In the context, the angel continues, “‘and she will bear a Son; and you shall call His name Jesus, for it is He who will save His people from their sins. Now all this took place that what was spoken by the Lord through the prophet might be fulfilled.'” Mary is going to bear a son. This is the same word used in the introduction to the chapter and also the word used by the angel referring to Joseph as the “son of David.” Transliterated it reads, “huios.” It literally means, “son” but also is used to denote the inheritance or likeness of the father or ancestors, as in “Son of God.” Again, this harkens back to the genealogy. Jesus is not only the son of Joseph by adoption, he is the son of God in total and complete essence. We already see the dual (for lack of a better word) natures of Jesus–fully man, fully God. Nevertheless, he laid aside his majesty to be born of the virgin and his mission is brought to attention. He is going to save his people from their sins. If you are confused about who his people are, read my missives on Revelation. We also see the beginning of many fulfilled prophecies and Joseph’s selfless obedience.

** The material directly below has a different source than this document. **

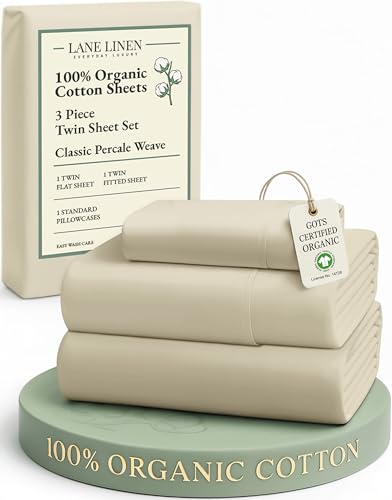 LANE LINEN 100% Organic Cotton Twin Size Bed Sheets, Fully Elasticized Mercerised Cotton Bed Sheet Set, Soft & Comfy Low Pill Face Resistant Bedding Sheets & Pillowcase Set- Linen LANE LINEN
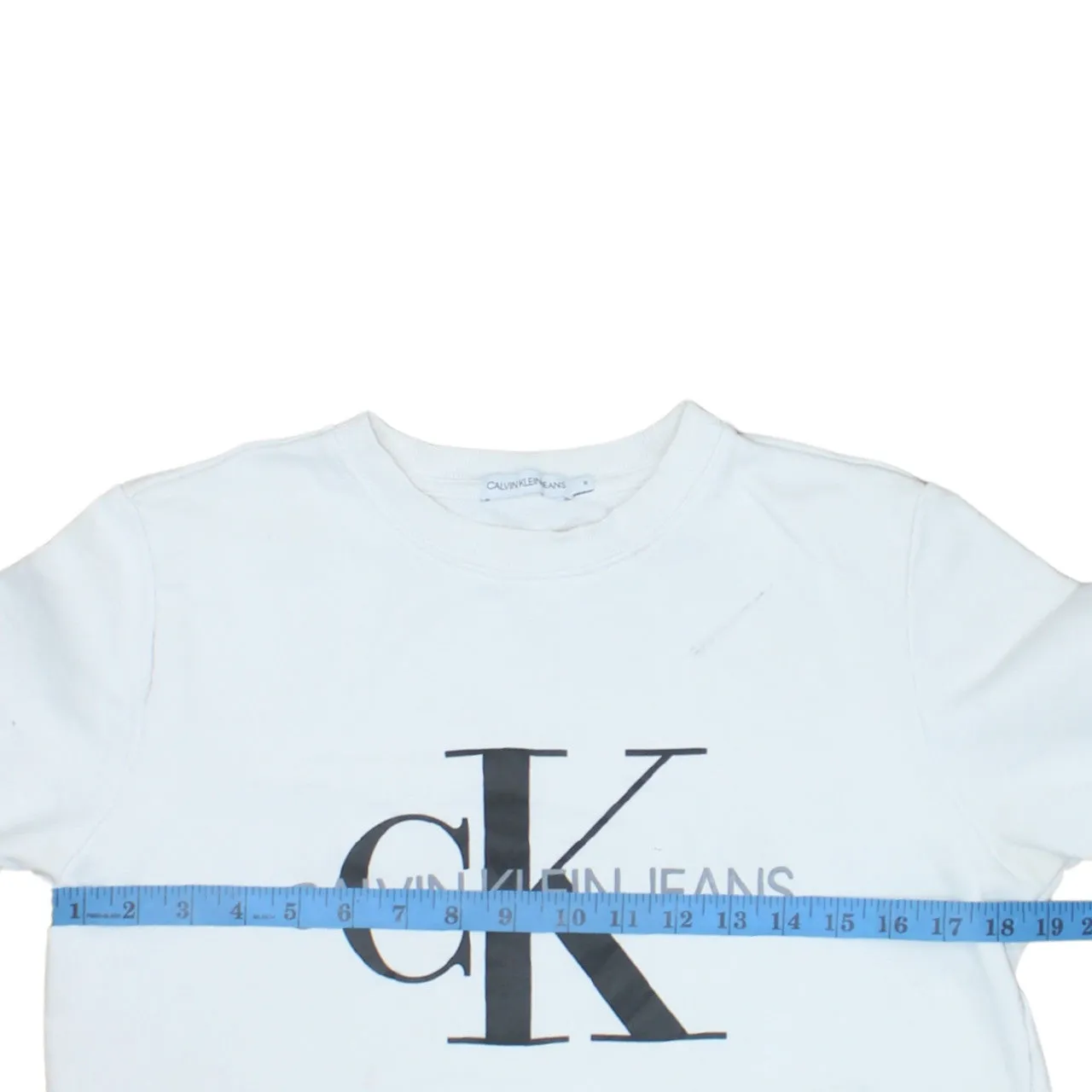 Calvin Klein 90's Spellout Crew Neck Sweatshirt Small White sold by Vintage Club product image thumbnail 5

“BEHOLD, THE VIRGIN SHALL BE WITH CHILD, AND SHALL BEAR A SON, AND THEY SHALL CALL HIS NAME IMMANUEL,” which translated means, “GOD WITH US.” And Joseph arose from his sleep, and did as the angel of the Lord commanded him, and took her as his wife, and kept her a virgin until she gave birth to a Son; and he called His name Jesus.”
I love how Matthew writes, “the prophet.” They knew who the prophet was, they knew which scroll to unfurl. We do as well, at this point–it’s on 25% of Christmas cards–Isaiah 7–but that is a missive for another time. Notice now though, that Joseph did what the Lord commanded. He was obedient though it wasn’t convenient. Maybe at Christmas time I will compare and contrast Matthew and Luke’s accounts and really ruin Christmas. I won’t take the time now but most know the story in Luke chapter two. It was not very convenient for Joseph, was it?
Jesus, son of Joseph, David, Abraham, God. Matthew chose the patriarchs to present the Jewish line to the Jews. He also gives us a great picture of who Joseph was. Matthew focuses on Joseph, don’t miss that. We understand that it is for proof to the first century Jews, that Jesus was who he said he was. But also to show that Joseph was chosen from long ago to be the father to the Messiah, and that God made the right decision and was indeed with Joseph. This is not a Christmas passage, it’s a father’s day passage.